This article is reprinted with permission from Paddler magazine.
Neil Hartling is no stereotypical iron-featured man of the North. He has a schoolboy grin and the pointy chin and neatly clipped moustache of a cartoon Mountie. Too many deskside hours in recent seasons have kept him pale and harried, booking reservations and overseeing operations for his vastly successful Nahanni River Adventures. Only his felt Stetson looks like it has seen weather, and he keeps it clamped on tight, indoors and out, to camouflage his thinning carrot top. A kind and congenial man, modest in the extreme.

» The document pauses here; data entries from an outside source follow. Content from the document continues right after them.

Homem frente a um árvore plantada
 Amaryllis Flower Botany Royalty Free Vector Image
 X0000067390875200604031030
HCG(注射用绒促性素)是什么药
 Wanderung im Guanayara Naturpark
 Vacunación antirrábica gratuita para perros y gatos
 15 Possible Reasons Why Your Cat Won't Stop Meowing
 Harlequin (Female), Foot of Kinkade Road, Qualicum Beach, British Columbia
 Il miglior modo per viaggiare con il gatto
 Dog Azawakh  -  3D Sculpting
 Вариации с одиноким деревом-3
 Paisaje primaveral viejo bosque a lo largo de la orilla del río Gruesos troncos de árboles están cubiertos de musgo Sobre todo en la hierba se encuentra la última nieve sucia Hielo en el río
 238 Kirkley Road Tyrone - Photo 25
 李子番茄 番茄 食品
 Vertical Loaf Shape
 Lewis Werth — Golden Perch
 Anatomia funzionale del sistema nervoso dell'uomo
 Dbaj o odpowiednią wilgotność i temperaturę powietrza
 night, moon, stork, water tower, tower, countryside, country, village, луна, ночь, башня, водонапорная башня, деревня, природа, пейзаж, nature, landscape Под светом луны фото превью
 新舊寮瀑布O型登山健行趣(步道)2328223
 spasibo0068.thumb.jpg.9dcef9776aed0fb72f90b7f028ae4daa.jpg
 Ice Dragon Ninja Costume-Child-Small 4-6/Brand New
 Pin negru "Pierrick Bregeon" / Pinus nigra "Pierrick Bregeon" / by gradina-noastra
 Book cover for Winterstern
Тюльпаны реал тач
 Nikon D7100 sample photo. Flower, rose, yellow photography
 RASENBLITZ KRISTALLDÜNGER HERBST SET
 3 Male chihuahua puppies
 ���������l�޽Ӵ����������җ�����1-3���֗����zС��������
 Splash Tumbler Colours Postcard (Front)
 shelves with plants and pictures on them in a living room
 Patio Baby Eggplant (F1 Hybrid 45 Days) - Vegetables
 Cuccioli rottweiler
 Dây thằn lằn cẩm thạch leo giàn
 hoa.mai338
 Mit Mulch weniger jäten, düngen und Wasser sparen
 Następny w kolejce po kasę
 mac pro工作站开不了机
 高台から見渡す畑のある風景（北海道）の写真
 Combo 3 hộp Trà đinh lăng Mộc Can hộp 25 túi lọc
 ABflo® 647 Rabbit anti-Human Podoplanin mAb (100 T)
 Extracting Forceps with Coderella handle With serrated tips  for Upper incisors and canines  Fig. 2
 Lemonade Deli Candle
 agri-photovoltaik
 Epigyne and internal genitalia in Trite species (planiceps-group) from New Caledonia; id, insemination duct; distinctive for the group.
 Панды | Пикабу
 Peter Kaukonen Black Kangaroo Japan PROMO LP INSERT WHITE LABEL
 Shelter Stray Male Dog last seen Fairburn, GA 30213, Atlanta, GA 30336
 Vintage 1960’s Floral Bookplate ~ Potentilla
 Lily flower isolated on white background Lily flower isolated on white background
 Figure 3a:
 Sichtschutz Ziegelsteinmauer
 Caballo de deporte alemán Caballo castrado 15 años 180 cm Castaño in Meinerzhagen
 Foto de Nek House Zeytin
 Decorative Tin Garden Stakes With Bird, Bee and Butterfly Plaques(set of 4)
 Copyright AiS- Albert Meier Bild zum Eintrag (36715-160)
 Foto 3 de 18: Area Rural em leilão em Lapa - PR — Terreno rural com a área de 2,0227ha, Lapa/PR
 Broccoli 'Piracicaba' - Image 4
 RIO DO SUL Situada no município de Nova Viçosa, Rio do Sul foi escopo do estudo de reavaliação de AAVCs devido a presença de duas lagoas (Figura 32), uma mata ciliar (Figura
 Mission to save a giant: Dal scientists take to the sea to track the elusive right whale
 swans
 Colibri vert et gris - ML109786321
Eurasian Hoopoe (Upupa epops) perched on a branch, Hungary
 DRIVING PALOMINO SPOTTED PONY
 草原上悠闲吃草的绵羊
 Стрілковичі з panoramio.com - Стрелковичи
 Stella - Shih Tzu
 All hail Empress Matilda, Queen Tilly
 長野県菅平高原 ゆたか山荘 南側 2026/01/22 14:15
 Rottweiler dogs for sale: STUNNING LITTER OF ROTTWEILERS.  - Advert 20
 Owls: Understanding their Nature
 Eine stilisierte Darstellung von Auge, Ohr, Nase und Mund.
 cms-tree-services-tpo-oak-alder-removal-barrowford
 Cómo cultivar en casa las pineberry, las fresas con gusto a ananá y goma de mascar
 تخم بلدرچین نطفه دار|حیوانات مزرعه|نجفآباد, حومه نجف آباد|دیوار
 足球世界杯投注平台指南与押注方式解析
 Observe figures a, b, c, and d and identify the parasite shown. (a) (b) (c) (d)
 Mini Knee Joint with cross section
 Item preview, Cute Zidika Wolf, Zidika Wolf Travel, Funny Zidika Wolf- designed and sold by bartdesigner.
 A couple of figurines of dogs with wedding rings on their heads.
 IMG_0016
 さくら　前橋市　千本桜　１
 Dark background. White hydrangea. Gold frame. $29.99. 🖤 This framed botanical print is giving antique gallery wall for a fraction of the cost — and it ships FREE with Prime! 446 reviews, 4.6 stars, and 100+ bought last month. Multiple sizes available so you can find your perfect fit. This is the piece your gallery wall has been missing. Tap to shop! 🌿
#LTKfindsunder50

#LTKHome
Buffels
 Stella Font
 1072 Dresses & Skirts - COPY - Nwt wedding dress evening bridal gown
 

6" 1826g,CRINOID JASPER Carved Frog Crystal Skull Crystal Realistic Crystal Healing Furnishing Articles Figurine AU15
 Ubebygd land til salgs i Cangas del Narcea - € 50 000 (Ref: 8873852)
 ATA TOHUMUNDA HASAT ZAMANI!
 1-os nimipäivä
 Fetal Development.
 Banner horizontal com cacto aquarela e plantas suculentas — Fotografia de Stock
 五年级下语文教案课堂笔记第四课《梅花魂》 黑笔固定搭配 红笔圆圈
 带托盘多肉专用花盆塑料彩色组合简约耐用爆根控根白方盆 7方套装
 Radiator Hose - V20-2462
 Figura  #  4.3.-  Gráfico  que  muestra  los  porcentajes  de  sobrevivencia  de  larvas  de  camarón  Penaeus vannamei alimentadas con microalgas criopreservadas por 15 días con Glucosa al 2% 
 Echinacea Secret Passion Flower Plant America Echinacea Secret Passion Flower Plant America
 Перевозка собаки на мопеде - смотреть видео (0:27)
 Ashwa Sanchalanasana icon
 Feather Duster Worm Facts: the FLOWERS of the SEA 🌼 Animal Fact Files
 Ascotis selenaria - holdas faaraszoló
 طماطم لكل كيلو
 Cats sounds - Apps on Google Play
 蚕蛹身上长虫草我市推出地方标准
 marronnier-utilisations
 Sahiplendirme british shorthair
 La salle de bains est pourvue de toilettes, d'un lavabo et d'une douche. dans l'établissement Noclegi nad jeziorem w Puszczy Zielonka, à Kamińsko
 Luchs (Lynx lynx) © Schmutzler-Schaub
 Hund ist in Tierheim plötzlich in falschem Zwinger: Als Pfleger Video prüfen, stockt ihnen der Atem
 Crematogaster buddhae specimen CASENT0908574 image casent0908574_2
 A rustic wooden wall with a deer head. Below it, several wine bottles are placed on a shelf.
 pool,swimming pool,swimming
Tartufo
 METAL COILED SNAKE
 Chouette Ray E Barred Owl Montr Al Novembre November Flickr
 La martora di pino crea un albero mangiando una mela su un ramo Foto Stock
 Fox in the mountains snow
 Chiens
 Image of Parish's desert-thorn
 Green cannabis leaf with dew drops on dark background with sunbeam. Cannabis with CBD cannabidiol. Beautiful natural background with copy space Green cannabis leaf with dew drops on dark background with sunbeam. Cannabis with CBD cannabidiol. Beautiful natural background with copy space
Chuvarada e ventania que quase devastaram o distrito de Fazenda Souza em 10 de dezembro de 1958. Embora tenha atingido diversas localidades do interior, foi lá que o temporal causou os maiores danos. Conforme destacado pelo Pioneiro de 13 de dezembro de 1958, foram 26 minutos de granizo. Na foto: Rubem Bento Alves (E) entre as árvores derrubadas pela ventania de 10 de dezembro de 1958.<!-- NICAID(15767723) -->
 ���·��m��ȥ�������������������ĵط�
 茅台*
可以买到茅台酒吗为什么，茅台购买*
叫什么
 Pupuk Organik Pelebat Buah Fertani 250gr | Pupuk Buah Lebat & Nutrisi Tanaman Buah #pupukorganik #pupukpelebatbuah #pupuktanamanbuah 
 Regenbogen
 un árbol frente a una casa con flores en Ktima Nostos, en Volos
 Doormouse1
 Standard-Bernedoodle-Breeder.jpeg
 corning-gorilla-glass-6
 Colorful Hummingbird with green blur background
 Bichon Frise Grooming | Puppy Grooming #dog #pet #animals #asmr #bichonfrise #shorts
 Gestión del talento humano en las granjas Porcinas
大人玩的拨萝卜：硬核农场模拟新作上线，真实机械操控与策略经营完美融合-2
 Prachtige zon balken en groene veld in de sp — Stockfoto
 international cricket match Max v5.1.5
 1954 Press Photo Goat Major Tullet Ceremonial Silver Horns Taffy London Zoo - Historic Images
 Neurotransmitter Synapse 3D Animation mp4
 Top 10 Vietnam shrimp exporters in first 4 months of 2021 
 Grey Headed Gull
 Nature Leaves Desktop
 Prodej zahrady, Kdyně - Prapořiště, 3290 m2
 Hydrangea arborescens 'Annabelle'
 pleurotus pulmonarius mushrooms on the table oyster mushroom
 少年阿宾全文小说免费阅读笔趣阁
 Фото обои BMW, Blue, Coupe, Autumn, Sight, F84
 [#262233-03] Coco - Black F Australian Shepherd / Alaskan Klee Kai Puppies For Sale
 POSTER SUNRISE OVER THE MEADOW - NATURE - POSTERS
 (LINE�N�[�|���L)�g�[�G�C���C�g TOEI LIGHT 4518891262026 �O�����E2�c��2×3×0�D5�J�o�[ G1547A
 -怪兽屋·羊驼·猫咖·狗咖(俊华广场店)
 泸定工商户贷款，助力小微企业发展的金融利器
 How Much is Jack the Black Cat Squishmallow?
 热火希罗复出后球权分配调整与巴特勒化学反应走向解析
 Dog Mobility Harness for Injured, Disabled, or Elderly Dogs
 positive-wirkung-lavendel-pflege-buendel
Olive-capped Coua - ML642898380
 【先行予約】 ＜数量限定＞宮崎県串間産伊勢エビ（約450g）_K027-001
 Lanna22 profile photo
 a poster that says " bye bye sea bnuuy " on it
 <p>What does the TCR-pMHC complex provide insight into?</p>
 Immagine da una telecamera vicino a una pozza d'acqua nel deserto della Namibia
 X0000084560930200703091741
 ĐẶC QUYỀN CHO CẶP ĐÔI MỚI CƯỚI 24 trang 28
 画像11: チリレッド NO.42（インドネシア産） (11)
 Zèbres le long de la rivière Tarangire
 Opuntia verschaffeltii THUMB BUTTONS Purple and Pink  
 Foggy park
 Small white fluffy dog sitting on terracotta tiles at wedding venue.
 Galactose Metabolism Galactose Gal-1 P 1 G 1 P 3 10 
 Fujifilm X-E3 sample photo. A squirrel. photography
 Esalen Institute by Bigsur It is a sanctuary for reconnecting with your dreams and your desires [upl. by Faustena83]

But from Dry Bay on the Alaskan coast to Fort Simpson in the Canadian interior, Hartling has made himself something of a local legend – an author, explorer, outfitter and canoe manufacturer who’s a prime mover and shaker in the hot new industry of ecotourism. Hartling moved his home and business north to Whitehorse in 1992, closer to the rivers where he runs his summer trips. But he also moved to be a more permanent fixture in the Northern community – preservationist, spokesperson, promoter. His most popular expeditions now are on the Tatshenshini, a river he played a key role in helping save from a giant copper mine. Thanks in part to his active involvement in an outfitter’s association, the river is now the linchpin in a 25-million-acre, two-nation, four-park preserve, the world’s largest protected wilderness. In the process, Hartling also pressed for a ceiling on recreational use which resulted in his losing half of his own quota of summer departures. But the trade-off is well worth it, says Hartling, who, in his paeans to the unspoiled North, is as likely to quote Lao Tze as Robert Service.
He’s been just as active in sponsoring use restrictions on the river that is the true backbone of his business, as well as his private obsession since boyhood: the South Nahanni. Deep in the Mackenzie mountains of the Northwest Territories, the Nahanni is the very icon of Canadian wilderness, fabled for its canyonlands, tufa mounds, caves and a waterfall twice the height of Niagara. Hartling first read about the river as a teenager, in Dick Turner’s classic adventure journal. He was spellbound by its lurid legends, including a string of lost or murdered prospectors, and by the uncharted reaches of the Headless, Burial and Funeral ranges. But it took him 20 years to find his way north, a decade after the river had won national park status. By the next season, 1984, he’d landed a rare Nahanni outfitters license.
It was on and for the Nahanni that Hartling invented his sectionable voyageur, still the only craft of its kind in the world. He reasoned that the size and stability of the traditional fur-trader’s hauling canoe, which seats eight passengers two abreast, would make for more comfortable, less strenuous river travel than tandems alone. But with modern materials and proper spray skirting, the boat would still be manoeuvrable enough in the canyons demanding rapids. The problem was transport. A 10-meter boat was just too big for a floatplane to handle. So to test his theory, in 1985 Hartling undertook the tortuous exercise of lining a wooden boat 130 miles upstream against the rapids, in the manner of the old-time prospectors. After a successful downstream run, he took to the drawing board and designed a version that could be broken into stackable compartments for easy loading in a small plane fuselage. For all the Noah’s Ark jokes he endured at the time, Hartling’s invention is a now a small, proud chapter in the history of the canoe – custom-manufactured for expeditions as far away as China.
As if this weren’t enough, Hartling is also the author of Nahanni’s principal coffee-table volume, a combination travelogue, geologic overview and natural history, larded with gorgeous photos and folktales. But as this success has its drawbacks. Today, ‘Nahanni Neil’ is feeling the pressure of his own accomplishments.
Is it all worthwhile? Hartling remains a committed proponent of northern tourism. He believes it not only brings economic and social benefits to native communities, but encourages an ever-growing constituency of eco-advocates in the populous south. And with spokespeople like Hartling, this gentler new ethic of wilderness exploration is likely to prevail.